President Uhuru Kenyatta (left) in consultation with Kilifi North MP Gideon Mung'aro (right) at State House in Mombasa. The President was meeting Coast Parliamentary Leaders. PHOTO: MAARUFU MOHAMED/STANDARD

MOMBASA: Coast MPs who attended a meeting with President Uhuru Kenyatta at State House Mombasa on Friday have clashed over a memorandum read by Kilifi North MP Gideon Mung’aro calling for a Coast based political party.

Mr Mung’aro caught many members of the National Assembly and about 1,000 grassroots leaders by surprise when he read a document alleging local legislators had agreed to form a party for the Coast, which they would use to contest the next polls and bargain with other political parties.

Murmurs spread through the meeting but no one stood to protest immediately and Uhuru did not respond to that aspect of the memorandum, which also called for land reforms including settlement of squatters, youth employment, tackling radical Islam doctrines,drug trafficking and revival of tourism and collapsed factories.

But no sooner had the MPs left the meeting where senators and governors were not invited, than cracks emerged with some MPs accusing Mung’aro and his allies of trying to hijack the meeting to advance his own goals including his rebellion within the Orange Democratic Movement (ODM).

Mung’aro’s opponents alleged that he and his friends introduced the matter of the proposed party without informing the rest but the Kilifi North MP’s friends claimed all leaders invited to the meeting had agreed to present that idea to the President.

Besides other grassroots leaders, 33 legislators attended the meeting.

Mung’aro was backed by Kwale Woman Representative Zainab Chidzuga, who said the time had come for local leaders to form a party they will use to fight the next polls.

However, Mombasa Woman Representative Mishi Mboko said local leaders had neither discussed the idea nor reached a consensus.

BARGAINING POWER

“I am not part of the decision, which some leaders claim Coast leaders will have their own political party for the next General Election” she said.

Ms Mboko said the decision to meet President Kenyatta should not be misunderstood that the Opposition had defected to Jubilee.

Mboko insisted that local leaders had agreed on searching for a platform to enable the coast people to have a bargaining power but not a political party.

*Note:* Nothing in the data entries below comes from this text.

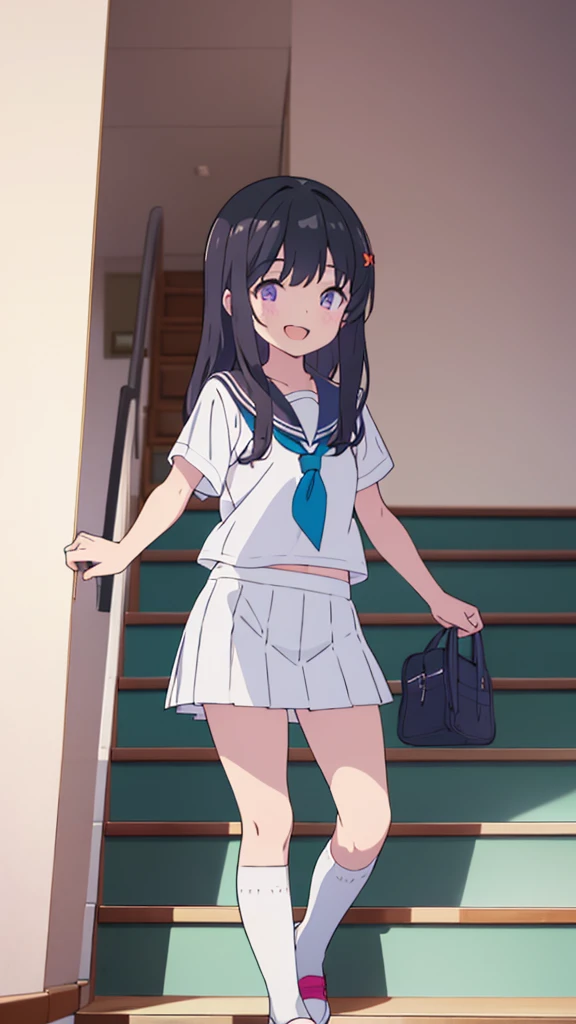 school stairs　primary school girl, 8 years　flat chest, long black hair with purple tone, purple eyes　SMILE　White upper body, Navy short-sleeved sailor uniform.　Navy blue miniskirt and white panties. （（I can see her panties）） white socks　sport boots　school stairs　Standing Dynamic angle Low angle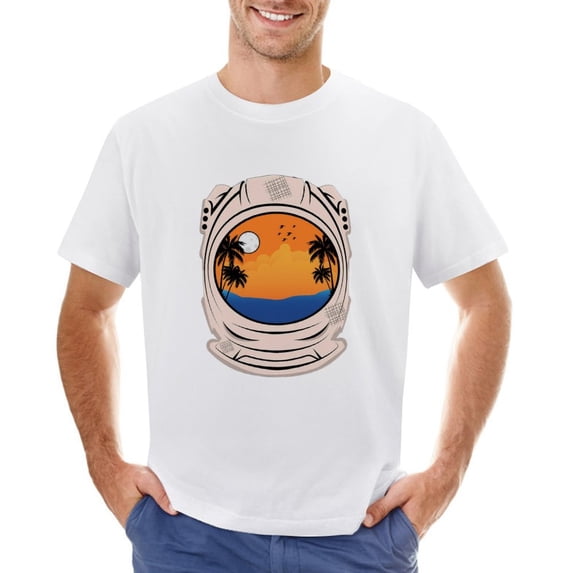 Tropical Beach with Astronauts Vintage T-shirt Mens Cotton Classic Crewneck Short Sleeve Tees Unisex White S
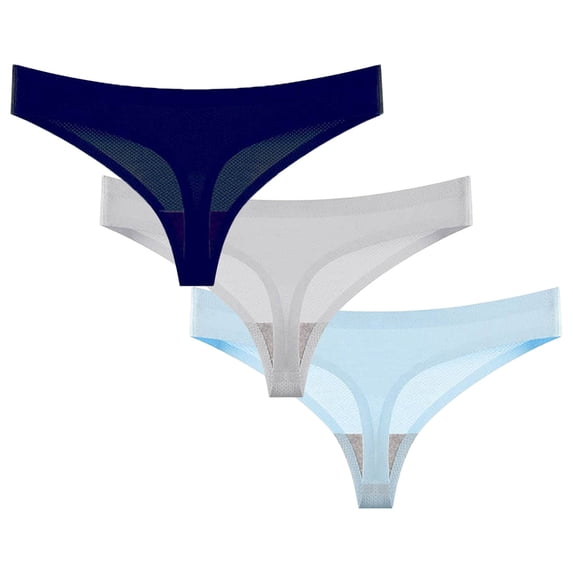 Mgmyaa 3 Pack Women's Summer Seamless Breathable Thong Low Waisted Underwear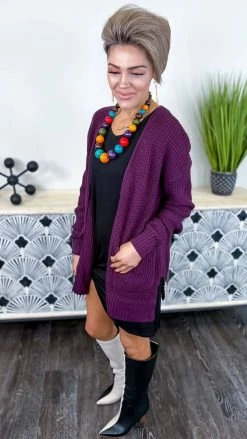 Zenana Dark Plum Take Direction Cardigan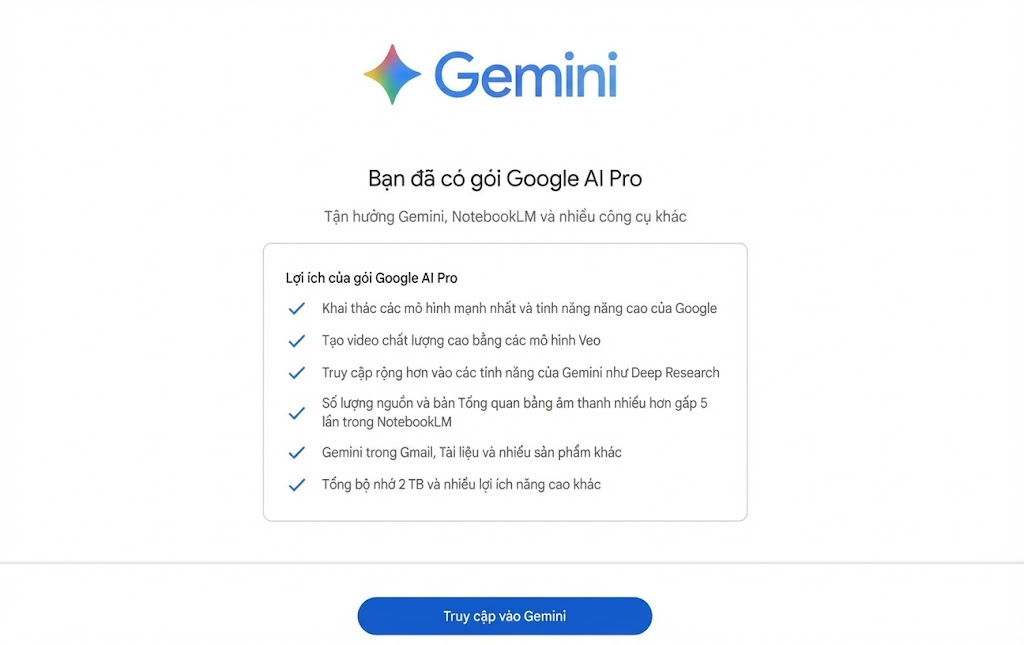 Cách tạo Gemini Pro miễn phí cho sinh viên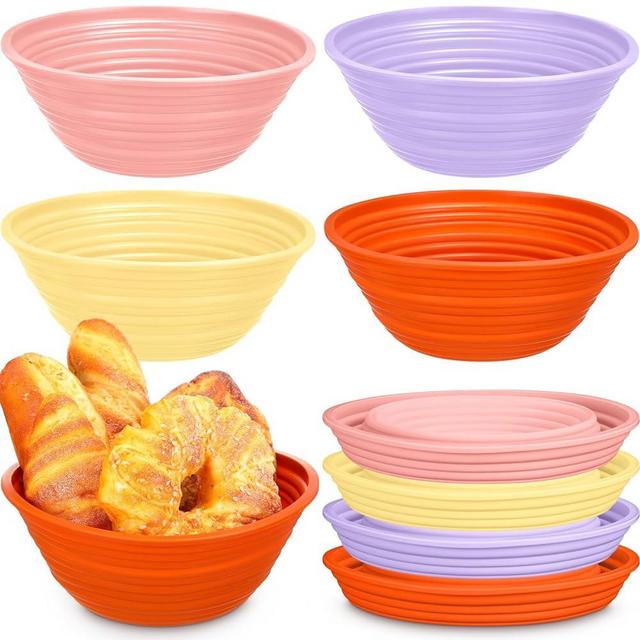 Domensi 4 Pcs Silicone Bread Proofing Baskets 9 In Collapsible Sourdough Bread Baking Supplies Round Dough Proofing Box Oven Safe for Home Bakers Bread Making (Orange, Yellow, Purple, Pink)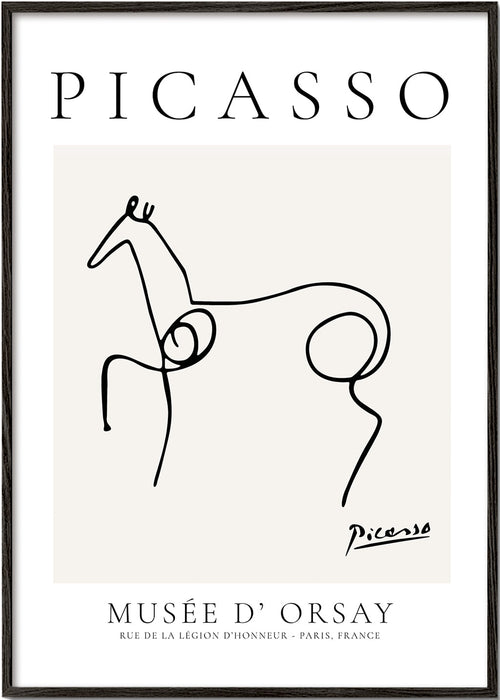 Kunstværk hest linjetegning af Picasso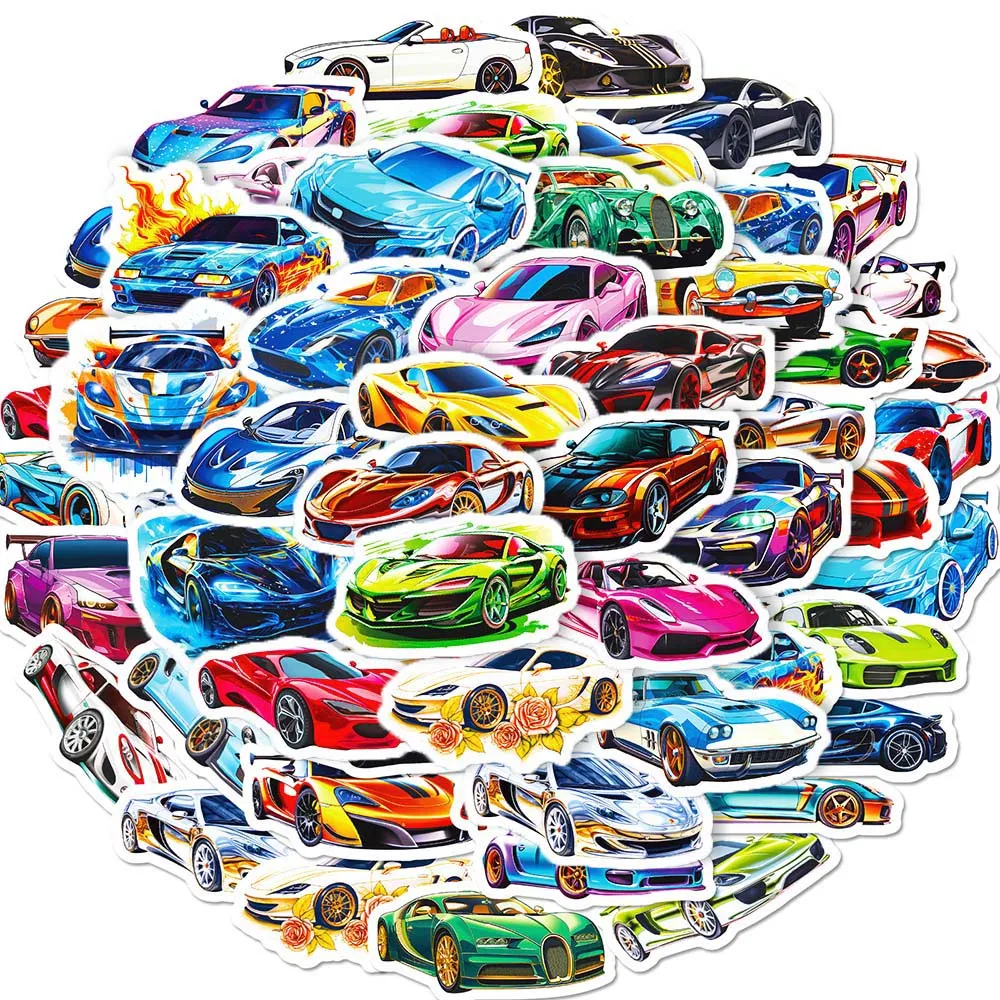 

10/50Pcs мультфильм прохладный гоночный спортивный автомобиль эстетические разнообразные наклейки пакет для детей граффити этикетки шлема ноутбука украшения ноутбука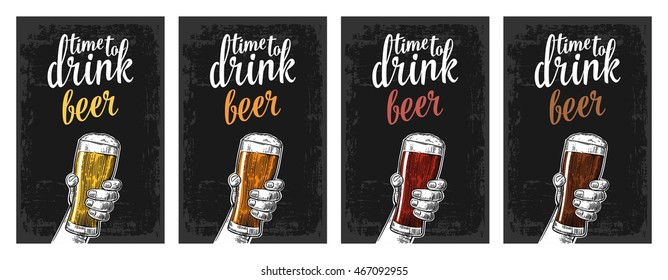 Male hand holding a glass with four types beer - light, white, red and dark. Vintage vector engraving illustration for web, poster, invitation to party. Isolated on white background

Uhuru assured the leaders that he was committed to development in every part of the country. Sunday Nyali MP Awiti Bolo also confirmed reports that Chidzuga and Mung’aro raised the idea of the party and made it look like all leaders in the meeting had agreed on this matter.

They have a right to say what they want but that does not bind the leaders in the region, which has many people with divergent views over the political party they support,” said Mr Bolo.

Malindi MP Dan Kazungu said the President had agreed to return in six months to address some of the problems they had raised.

As Coast MPs we are happy because the President has promised to come back to Mombasa after six months to issue title deeds to the landless,” said Mr Kazungu.

Kazungu, who is an ally of Mungaro, admitted that they discussed politics in the region but declined to disclose what they discussed.